What you are asked to do :: Using the data below, return the stretch from the line that contains "Kushal's Fashion Jewellery" through the line that contains "7th Grade Homonyms", both included, exactly as it stands and nothing beyond it.

Data extract ::
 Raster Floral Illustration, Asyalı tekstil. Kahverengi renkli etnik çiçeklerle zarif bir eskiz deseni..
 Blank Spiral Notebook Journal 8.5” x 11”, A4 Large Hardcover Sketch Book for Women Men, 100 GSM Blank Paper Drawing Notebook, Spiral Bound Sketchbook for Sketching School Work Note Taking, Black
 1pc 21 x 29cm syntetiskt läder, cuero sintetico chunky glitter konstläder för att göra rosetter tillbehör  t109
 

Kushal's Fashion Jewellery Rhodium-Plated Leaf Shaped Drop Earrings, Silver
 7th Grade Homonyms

---

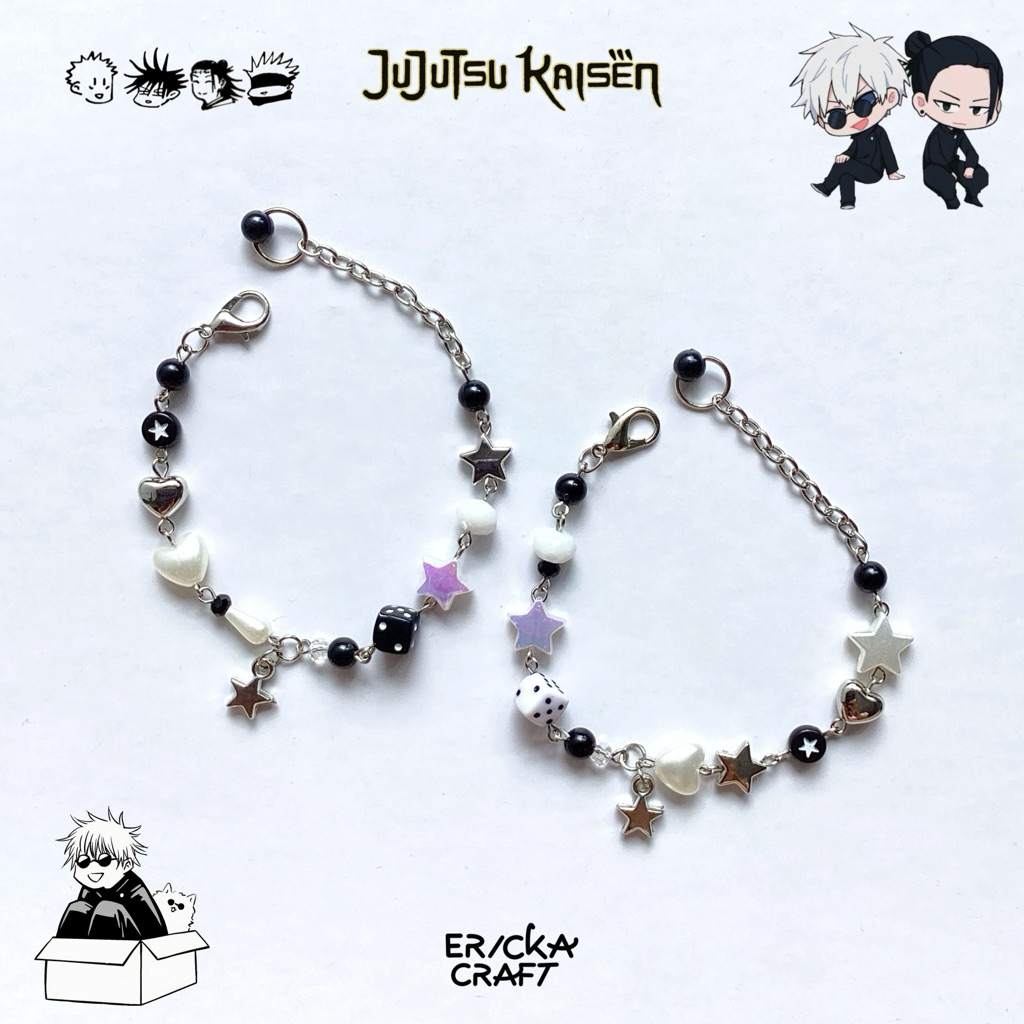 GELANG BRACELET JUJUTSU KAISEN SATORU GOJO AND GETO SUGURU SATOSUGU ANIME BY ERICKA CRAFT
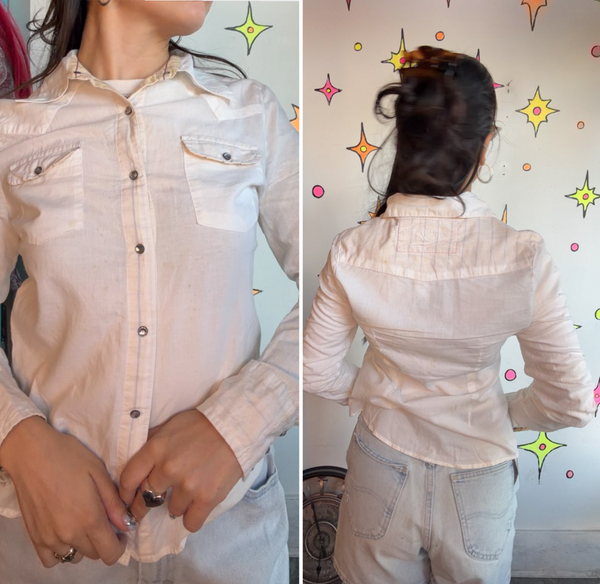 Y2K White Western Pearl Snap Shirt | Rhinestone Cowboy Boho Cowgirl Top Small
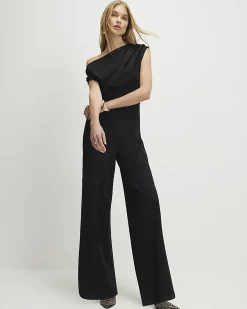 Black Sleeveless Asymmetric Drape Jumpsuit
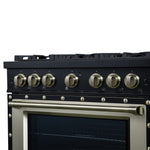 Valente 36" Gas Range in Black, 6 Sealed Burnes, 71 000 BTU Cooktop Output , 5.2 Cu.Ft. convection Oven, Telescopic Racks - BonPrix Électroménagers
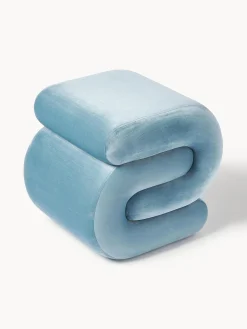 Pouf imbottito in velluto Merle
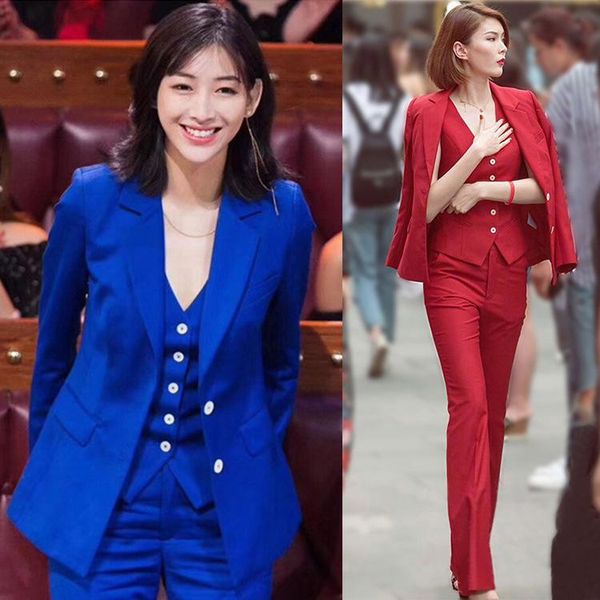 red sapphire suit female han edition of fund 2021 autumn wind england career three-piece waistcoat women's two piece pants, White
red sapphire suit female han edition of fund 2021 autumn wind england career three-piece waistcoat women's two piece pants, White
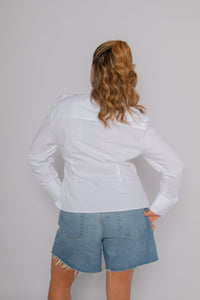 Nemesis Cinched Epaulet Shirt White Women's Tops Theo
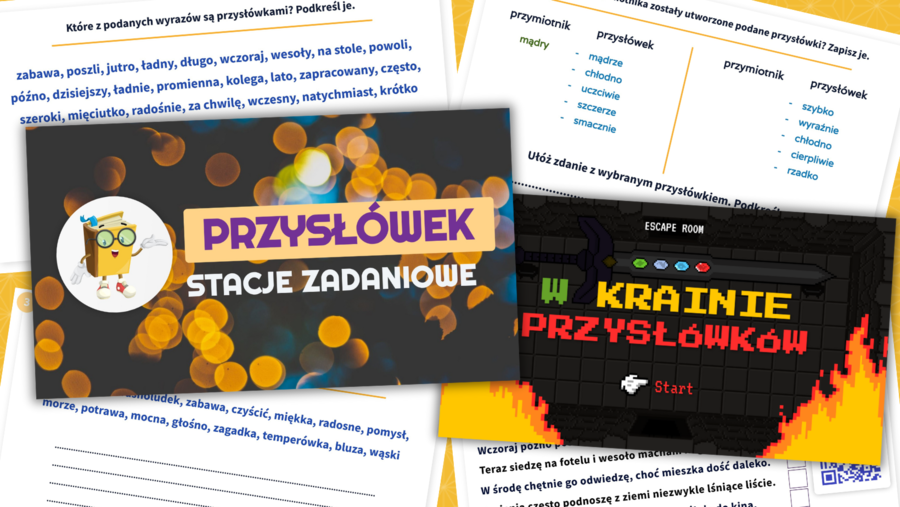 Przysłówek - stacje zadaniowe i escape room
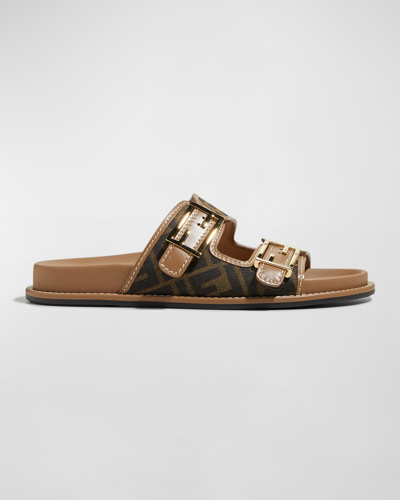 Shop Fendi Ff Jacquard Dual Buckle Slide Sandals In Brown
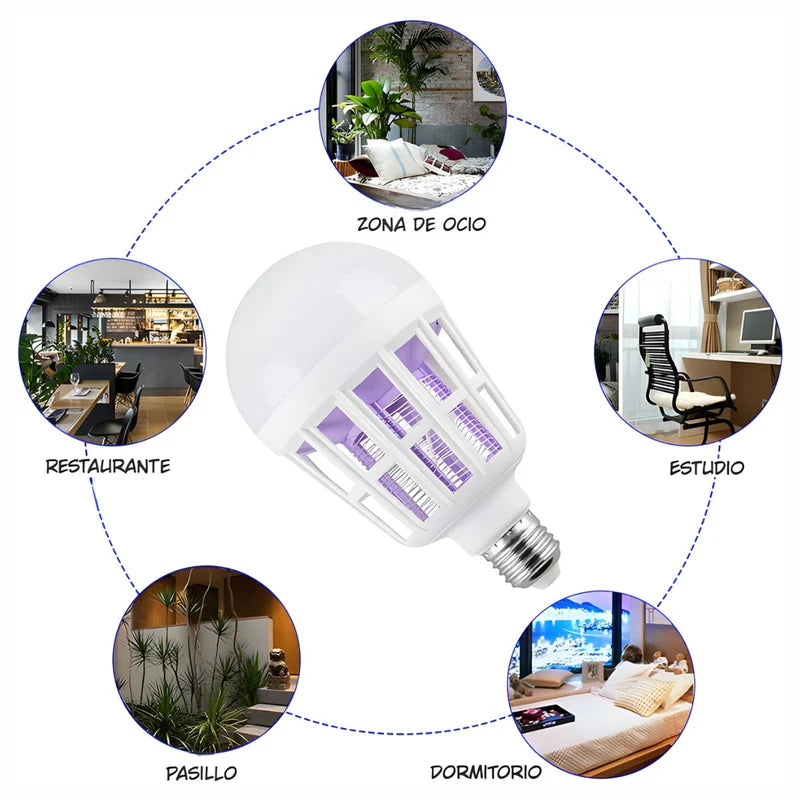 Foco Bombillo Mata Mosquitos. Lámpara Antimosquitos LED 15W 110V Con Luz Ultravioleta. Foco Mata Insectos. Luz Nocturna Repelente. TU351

Result of the exercise ::
Kushal's Fashion Jewellery Rhodium-Plated Leaf Shaped Drop Earrings, Silver
 7th Grade Homonyms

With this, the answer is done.